After writing Cube, Vincenzo Natali developed and filmed a short entitled Elevated. The short was set in an elevator and was intended to give investors an idea of how Cube would hypothetically look and come across. It eventually got the feature financed. Cube was shot on a Toronto soundstage.
Only one cube, measuring 14 by 14 by 14 feet, was actually built, with only one working door that could actually support the weight of the actors. The color of the room was changed by sliding panels. Since this task was a time-consuming procedure, the movie was not shot in sequence; all shots taking place in rooms of a specific colour were shot one at a time. It was intended that there would be six different colours of rooms to match the recurring theme of six throughout the movie; five sets of gel panels plus pure white. However, the budget did not stretch to the sixth gel panel and so there are only five different room colours in the movie. Another partial cube was made for shots requiring the point of view of standing in one room looking into another.

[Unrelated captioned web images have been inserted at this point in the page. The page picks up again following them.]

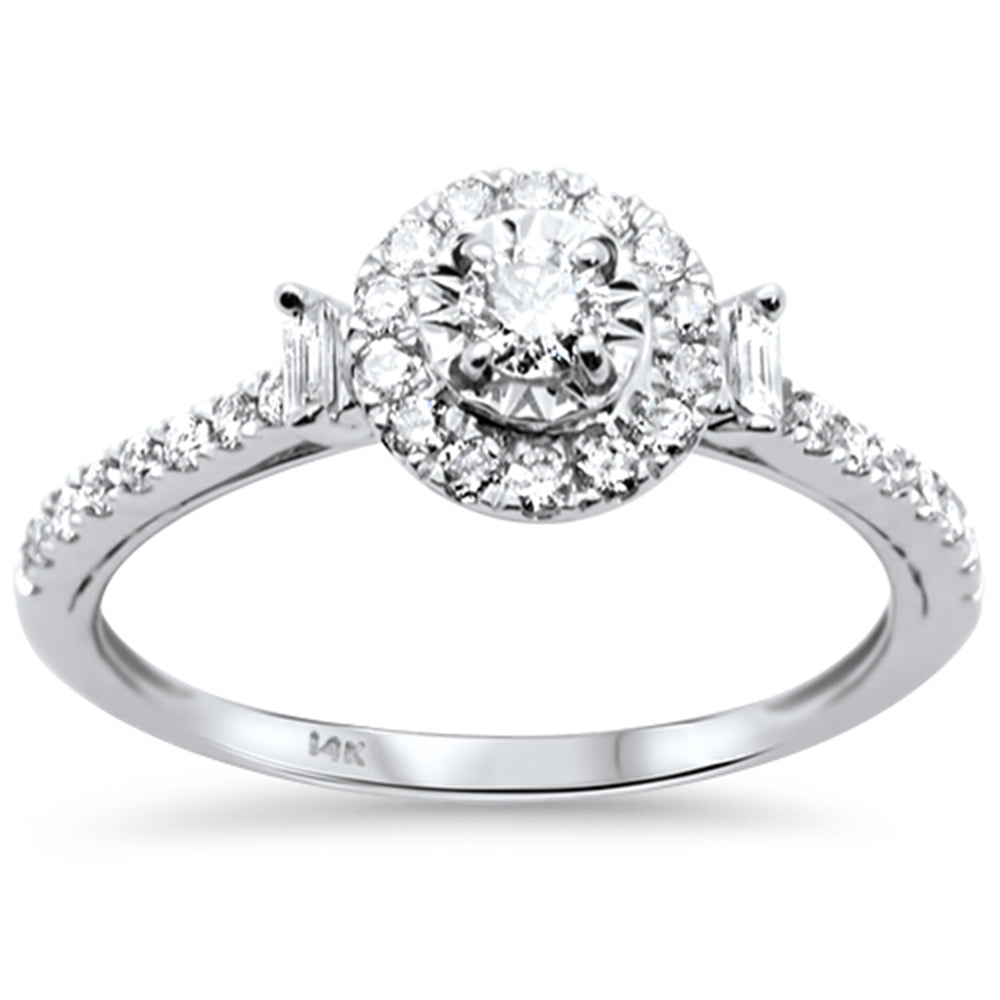 SPECIAL!.48ct G SI 14K White Gold Round & Baguette Diamond Engagement Ring Size 6.5
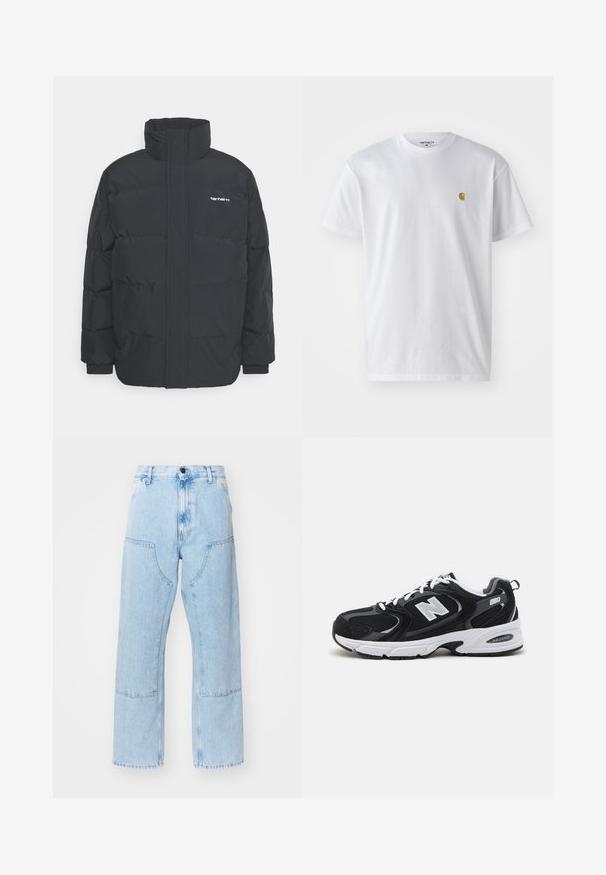 Zwarte pufferjas met een hoge kraag, rits aan de voorkant en elastische manchetten. Bevat een zak en een klein logo op de borst. Getextureerd oppervlak.; Witte katoenen t-shirt met korte mouwen en ronde hals, voorzien van een klein gouden logo op de linkerkant van de borst. Zachte textuur en een normale pasvorm.; Lichtblauwe, rechte denimjeans met grote voorkezen en contrasterende stiksels. De stof heeft een vervaagde, zachte textuur.; Zwarte en grijze sport schoenen met een bovenwerk van mesh en suede, voorzien van een witte tussenzool, veters en een gedurfde "N"-logo aan de zijkant.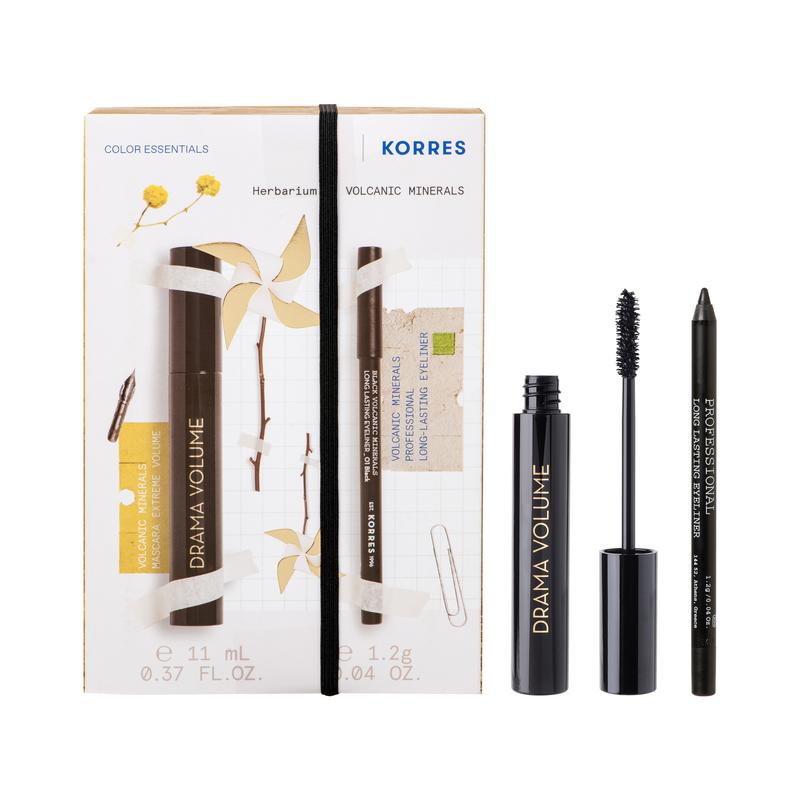 KORRES - PROMO PACK VOLCANIC MINERALS Mascara Drama Volume Black (01) - 11ml & Long Lasting Eyeliner 01 Black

Cube polarised critics, with many highly positive reviews to negative, earning an overall approval rating of 68% on Rotten Tomatoes. Movie critics for Electric Sheep magazine, AMC's Filmcritic.com, and Empire Online gave the film positive reviews, while critics for Nitrate Online and the San Francisco Chronicle panned the film. Bloody Disgusting gave the movie a positive review, writing "Shoddy acting and a semi-weak script can't hold this movie back. It's simply too good a premise and too well-directed to let minor hindrances derail its creepy premise." Slant Magazine panned the film, saying "like lab rats futilely running on their treadmill, Cube eventually winds up going nowhere fast."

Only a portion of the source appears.